- Work request: Find and copy each line of the data that includes "should".

BEGIN Material for this exercise

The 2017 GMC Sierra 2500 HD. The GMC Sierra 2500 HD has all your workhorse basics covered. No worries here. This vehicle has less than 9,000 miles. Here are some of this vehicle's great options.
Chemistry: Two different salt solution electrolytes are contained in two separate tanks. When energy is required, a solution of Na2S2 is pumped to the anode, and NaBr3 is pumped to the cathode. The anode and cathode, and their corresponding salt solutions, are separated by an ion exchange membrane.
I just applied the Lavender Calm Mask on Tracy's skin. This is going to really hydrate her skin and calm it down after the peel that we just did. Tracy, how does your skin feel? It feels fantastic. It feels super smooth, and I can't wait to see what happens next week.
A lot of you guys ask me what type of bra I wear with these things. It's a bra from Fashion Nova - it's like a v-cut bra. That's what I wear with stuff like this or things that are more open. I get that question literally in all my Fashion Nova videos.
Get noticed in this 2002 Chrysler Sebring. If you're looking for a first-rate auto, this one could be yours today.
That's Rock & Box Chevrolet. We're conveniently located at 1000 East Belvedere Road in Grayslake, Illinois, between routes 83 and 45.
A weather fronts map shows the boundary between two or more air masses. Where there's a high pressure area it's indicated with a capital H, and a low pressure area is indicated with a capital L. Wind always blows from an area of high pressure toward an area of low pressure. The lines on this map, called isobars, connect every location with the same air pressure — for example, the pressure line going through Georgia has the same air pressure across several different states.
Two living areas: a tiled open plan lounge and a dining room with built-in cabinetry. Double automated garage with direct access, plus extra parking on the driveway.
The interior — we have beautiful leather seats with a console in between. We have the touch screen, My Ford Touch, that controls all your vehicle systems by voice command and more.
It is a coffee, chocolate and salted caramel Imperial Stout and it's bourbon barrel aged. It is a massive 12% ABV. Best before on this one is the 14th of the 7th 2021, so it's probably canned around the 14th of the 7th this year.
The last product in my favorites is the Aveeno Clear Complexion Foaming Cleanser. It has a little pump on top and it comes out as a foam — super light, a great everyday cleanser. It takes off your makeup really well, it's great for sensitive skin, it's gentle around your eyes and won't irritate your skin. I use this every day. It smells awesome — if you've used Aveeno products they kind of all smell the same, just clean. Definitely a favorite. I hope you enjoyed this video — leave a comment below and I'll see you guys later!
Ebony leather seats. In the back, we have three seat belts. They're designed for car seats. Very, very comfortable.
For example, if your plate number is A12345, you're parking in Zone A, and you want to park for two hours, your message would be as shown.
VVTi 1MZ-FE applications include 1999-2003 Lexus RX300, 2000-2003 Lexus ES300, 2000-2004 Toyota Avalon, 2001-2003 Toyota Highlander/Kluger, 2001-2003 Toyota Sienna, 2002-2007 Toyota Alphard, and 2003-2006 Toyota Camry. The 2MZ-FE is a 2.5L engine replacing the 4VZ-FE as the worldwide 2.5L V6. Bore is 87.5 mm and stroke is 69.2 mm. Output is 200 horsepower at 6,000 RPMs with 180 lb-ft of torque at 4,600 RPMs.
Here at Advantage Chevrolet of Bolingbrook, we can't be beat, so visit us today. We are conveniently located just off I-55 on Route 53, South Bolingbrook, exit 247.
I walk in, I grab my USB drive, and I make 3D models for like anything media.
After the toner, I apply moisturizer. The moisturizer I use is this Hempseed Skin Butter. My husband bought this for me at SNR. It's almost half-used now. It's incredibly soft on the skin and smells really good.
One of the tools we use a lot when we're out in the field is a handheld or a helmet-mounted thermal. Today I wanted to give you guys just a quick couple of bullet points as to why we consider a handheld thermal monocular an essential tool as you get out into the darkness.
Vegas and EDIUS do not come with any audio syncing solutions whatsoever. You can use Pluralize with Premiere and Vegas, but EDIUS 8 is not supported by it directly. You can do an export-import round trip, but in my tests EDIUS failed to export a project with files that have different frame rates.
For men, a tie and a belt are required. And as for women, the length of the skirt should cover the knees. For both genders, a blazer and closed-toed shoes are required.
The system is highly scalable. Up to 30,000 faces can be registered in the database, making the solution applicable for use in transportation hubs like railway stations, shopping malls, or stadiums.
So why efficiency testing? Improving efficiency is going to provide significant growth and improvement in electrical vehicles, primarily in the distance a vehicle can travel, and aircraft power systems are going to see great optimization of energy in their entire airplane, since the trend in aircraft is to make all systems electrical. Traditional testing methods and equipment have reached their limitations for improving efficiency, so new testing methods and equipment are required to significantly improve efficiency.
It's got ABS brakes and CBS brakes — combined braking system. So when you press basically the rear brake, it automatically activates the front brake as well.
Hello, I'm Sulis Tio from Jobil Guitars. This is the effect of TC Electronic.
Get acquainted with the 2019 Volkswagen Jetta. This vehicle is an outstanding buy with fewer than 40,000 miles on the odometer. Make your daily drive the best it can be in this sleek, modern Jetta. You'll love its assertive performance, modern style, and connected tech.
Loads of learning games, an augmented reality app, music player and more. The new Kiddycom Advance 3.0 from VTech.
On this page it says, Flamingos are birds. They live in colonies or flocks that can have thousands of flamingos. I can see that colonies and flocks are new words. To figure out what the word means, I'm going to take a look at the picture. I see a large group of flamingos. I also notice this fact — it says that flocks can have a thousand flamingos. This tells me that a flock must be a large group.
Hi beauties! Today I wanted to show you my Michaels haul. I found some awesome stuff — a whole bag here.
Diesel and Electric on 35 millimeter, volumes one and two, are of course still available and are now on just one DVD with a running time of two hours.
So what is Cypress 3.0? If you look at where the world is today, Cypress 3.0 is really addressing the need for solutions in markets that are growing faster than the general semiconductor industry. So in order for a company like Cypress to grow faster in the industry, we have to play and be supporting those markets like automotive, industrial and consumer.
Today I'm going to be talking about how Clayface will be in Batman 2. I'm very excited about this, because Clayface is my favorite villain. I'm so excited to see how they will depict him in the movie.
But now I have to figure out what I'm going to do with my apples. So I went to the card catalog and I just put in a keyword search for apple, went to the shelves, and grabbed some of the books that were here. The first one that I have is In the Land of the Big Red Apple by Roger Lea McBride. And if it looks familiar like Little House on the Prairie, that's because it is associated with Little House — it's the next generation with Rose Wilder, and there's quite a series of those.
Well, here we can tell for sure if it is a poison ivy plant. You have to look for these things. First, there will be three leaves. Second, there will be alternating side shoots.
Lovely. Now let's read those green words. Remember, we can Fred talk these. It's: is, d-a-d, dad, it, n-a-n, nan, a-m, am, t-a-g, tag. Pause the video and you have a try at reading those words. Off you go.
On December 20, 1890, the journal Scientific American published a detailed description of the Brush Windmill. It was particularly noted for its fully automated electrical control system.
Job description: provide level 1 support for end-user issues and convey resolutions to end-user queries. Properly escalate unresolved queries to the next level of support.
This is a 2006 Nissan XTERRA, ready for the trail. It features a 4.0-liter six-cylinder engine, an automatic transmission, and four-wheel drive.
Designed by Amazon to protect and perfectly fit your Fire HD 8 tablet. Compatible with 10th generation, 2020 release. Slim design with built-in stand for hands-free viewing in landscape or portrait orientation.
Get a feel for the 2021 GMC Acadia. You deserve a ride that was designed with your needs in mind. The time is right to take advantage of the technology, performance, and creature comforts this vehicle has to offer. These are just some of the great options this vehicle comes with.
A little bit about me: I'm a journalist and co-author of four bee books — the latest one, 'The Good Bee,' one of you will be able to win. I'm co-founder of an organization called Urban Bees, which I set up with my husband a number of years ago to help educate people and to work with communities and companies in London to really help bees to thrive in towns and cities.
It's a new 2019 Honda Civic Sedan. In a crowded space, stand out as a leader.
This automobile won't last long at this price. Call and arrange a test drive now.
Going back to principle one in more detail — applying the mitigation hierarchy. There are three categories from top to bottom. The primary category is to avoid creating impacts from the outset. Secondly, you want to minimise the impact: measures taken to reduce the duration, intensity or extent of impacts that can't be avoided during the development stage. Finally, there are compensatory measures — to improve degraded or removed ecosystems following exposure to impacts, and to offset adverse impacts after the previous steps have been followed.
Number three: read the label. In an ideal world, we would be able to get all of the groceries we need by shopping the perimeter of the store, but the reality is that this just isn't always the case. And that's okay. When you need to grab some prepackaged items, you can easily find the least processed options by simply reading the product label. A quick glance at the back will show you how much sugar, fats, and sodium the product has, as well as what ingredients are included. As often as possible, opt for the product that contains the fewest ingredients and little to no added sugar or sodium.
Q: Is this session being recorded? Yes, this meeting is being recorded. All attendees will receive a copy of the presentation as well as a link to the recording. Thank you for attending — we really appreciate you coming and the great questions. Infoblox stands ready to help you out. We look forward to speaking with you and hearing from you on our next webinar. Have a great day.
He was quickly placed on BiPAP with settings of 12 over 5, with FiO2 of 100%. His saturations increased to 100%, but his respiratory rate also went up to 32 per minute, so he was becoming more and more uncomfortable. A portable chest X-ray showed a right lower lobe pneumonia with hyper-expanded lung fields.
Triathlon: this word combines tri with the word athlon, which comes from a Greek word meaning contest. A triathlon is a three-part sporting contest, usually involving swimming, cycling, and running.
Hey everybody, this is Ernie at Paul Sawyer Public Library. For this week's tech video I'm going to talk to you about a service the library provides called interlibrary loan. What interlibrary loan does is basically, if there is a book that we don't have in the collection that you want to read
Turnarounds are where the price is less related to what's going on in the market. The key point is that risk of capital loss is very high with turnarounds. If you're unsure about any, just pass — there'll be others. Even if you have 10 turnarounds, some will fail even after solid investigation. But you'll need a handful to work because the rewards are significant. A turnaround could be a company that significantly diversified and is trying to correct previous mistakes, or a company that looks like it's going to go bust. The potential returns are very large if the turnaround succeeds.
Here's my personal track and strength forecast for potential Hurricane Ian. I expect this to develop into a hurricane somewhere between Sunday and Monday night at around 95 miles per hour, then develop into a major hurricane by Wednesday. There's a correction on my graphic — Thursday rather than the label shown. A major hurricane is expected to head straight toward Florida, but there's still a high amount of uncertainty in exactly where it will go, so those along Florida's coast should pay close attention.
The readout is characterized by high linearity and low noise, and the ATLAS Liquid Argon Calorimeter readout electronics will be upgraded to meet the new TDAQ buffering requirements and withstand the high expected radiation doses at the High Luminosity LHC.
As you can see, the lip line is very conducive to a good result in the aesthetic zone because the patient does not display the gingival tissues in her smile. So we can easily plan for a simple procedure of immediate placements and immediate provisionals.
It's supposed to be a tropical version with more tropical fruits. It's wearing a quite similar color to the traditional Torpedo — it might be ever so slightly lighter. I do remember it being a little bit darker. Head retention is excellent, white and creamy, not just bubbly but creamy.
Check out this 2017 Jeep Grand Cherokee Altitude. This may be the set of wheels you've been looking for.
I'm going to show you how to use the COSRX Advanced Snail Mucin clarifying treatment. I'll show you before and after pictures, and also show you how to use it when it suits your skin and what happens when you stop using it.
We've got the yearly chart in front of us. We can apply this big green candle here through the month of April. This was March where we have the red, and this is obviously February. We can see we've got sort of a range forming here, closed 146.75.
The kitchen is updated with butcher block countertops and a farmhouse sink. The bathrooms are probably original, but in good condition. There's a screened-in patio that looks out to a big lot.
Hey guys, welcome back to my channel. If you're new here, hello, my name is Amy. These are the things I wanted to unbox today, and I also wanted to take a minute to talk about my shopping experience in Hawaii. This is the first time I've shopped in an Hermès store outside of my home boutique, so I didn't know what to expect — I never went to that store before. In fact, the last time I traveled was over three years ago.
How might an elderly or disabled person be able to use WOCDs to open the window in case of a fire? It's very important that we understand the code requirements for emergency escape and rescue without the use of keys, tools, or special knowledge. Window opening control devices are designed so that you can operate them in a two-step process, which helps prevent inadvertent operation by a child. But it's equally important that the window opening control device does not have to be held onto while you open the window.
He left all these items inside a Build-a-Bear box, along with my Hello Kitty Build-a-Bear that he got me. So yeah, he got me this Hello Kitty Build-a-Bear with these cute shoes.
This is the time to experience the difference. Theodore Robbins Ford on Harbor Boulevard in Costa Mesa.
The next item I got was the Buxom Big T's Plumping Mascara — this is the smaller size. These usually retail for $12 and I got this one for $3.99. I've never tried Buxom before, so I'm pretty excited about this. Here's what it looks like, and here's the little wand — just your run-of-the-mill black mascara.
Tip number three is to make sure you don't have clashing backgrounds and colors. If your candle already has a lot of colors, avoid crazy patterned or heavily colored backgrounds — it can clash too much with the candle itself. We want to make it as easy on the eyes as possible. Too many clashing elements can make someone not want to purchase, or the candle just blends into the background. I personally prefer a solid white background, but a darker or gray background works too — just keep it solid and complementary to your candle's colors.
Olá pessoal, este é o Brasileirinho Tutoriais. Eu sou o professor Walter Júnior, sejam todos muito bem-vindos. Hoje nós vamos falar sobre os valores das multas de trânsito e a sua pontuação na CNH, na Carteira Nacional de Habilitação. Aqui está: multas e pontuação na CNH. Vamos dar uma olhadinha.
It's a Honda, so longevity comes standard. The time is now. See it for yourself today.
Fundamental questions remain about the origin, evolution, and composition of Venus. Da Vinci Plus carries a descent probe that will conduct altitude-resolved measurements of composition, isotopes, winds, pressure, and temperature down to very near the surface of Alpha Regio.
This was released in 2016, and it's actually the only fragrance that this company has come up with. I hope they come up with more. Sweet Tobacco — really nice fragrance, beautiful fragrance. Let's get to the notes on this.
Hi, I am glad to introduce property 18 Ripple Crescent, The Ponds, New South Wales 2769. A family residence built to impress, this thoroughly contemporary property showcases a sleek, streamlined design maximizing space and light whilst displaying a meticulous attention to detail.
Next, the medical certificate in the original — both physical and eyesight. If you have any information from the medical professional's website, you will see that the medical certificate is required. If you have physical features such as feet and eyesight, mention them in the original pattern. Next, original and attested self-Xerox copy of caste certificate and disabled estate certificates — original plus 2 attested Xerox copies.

END Material for this exercise

- Exercise answer:
For men, a tie and a belt are required. And as for women, the length of the skirt should cover the knees. For both genders, a blazer and closed-toed shoes are required.
Here's my personal track and strength forecast for potential Hurricane Ian. I expect this to develop into a hurricane somewhere between Sunday and Monday night at around 95 miles per hour, then develop into a major hurricane by Wednesday. There's a correction on my graphic — Thursday rather than the label shown. A major hurricane is expected to head straight toward Florida, but there's still a high amount of uncertainty in exactly where it will go, so those along Florida's coast should pay close attention.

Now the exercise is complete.